Software Github address:https://github.com/Const-me/Whisper
Download Address:https://github.com/Const-me/Whisper/releases/tag/1.11.0
For Windows systems, download WhisperDesktop.zip and you’re done!
I. Introduction:
WhisperDesktop is based on the Whisper speech-to-text technology launched by OpenAI around early 2023. Through AI recognition technology, it can not only generate text quickly and correctly but also perform real-time translation. The advantage is that it is free and can be used offline on a standalone basis without uploading any data, but the disadvantage is that it needs to be run via python command line, which is really a little bit unfriendly to white users. That’s why there are many shell applications, and WhisperDesktop is one of the more convenient ones.
II. the use of methods:
1.In addition to downloading the WhisperDesktop software, you should also download a Whisper model at https://huggingface.co/datasets/ggerganov/whisper.cpp/tree/main. Developers recommend ggml-medium.bin for this version. of the model is available. Click into the appropriate model link, then click on the left download to download.
2.After unpacking the software and running WhisperDesktop.exe, the first time you run it you need to select the model.
3.See the following illustration for the specific operation interface:
4.Audio Capture (audio capture), the software also supports real-time audio capture to generate text, see the following chart for details:
5, conversion generation speed depends on your computer configuration, generally with a discrete graphics card, conversion generation of a 6-minute video will not exceed 1 and a half minutes (for reference only).

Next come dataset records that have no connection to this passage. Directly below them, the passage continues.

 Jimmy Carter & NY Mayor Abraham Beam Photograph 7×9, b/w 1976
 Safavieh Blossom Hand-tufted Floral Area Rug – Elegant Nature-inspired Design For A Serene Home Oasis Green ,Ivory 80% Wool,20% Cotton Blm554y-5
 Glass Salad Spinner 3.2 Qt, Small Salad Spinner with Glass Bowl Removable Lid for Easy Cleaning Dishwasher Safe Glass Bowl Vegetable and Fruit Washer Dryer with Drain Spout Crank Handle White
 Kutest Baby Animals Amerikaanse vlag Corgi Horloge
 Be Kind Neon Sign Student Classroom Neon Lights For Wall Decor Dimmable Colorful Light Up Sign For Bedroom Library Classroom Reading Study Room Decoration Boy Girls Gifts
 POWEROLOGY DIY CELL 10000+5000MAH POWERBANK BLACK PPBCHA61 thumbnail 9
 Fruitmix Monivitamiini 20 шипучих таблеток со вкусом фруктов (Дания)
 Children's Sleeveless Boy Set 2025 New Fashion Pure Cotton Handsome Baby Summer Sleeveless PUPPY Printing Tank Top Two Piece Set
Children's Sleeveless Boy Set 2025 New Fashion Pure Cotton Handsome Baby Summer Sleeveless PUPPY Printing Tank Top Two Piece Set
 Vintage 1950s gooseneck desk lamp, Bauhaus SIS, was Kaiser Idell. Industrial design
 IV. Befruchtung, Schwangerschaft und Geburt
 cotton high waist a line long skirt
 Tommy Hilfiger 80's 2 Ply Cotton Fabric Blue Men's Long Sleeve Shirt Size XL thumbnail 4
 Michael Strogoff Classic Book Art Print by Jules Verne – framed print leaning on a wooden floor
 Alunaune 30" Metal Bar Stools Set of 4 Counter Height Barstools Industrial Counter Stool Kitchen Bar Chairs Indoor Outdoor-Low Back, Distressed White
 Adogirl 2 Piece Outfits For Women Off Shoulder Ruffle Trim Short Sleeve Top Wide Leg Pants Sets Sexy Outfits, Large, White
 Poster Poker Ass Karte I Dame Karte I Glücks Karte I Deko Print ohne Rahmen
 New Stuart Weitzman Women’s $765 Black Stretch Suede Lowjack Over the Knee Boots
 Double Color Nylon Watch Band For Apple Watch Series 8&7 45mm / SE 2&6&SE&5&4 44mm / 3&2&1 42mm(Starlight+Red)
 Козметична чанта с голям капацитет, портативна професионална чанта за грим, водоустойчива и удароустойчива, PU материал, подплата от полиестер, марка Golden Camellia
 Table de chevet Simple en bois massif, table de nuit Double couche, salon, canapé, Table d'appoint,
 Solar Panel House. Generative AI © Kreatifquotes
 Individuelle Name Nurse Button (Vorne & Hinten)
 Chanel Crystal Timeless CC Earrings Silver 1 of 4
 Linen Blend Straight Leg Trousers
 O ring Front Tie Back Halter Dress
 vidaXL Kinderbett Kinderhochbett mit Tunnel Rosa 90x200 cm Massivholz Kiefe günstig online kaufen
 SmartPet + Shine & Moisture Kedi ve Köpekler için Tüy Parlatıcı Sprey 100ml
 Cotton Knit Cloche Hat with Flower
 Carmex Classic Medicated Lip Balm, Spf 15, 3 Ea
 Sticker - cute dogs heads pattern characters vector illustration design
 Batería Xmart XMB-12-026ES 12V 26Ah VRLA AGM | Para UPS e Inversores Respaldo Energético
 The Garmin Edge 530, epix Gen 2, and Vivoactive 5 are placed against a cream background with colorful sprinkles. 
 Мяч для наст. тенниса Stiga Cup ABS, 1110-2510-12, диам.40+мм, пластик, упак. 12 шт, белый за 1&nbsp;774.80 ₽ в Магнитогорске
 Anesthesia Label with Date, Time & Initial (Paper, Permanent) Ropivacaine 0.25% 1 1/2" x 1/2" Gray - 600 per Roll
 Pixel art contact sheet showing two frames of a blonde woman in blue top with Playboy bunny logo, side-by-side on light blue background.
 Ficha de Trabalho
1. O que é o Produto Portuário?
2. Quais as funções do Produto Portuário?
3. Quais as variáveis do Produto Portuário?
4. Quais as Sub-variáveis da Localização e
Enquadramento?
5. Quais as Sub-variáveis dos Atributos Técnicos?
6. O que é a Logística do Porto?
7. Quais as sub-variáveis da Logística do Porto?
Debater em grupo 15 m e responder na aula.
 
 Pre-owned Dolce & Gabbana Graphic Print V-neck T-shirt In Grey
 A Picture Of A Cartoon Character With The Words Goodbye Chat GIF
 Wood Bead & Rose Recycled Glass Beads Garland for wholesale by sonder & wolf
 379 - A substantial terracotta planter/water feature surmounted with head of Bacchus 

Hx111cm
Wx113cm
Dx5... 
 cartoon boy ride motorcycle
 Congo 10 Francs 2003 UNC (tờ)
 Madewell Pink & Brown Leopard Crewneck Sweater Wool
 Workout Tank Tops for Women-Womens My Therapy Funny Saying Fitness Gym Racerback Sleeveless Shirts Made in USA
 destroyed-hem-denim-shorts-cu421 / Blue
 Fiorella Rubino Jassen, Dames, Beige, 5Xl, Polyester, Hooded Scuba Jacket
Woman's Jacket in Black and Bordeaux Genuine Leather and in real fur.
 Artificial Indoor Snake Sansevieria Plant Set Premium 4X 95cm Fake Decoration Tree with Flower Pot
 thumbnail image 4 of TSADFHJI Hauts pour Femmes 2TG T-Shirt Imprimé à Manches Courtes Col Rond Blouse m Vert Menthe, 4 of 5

6, in general Whisper conversion recognition rate and accuracy rate has been very high (more than 95%), but still affected by the model, you can test the specific, you can also open the converted subtitle file to modify their own proofreading.
III. Summary:
WhisperDesktop is a free software, easy to operate, no need to upload anything to the cloud and no restrictions, plus a good recognition rate and generation speed, so it is worth recommending to those who need speech to text.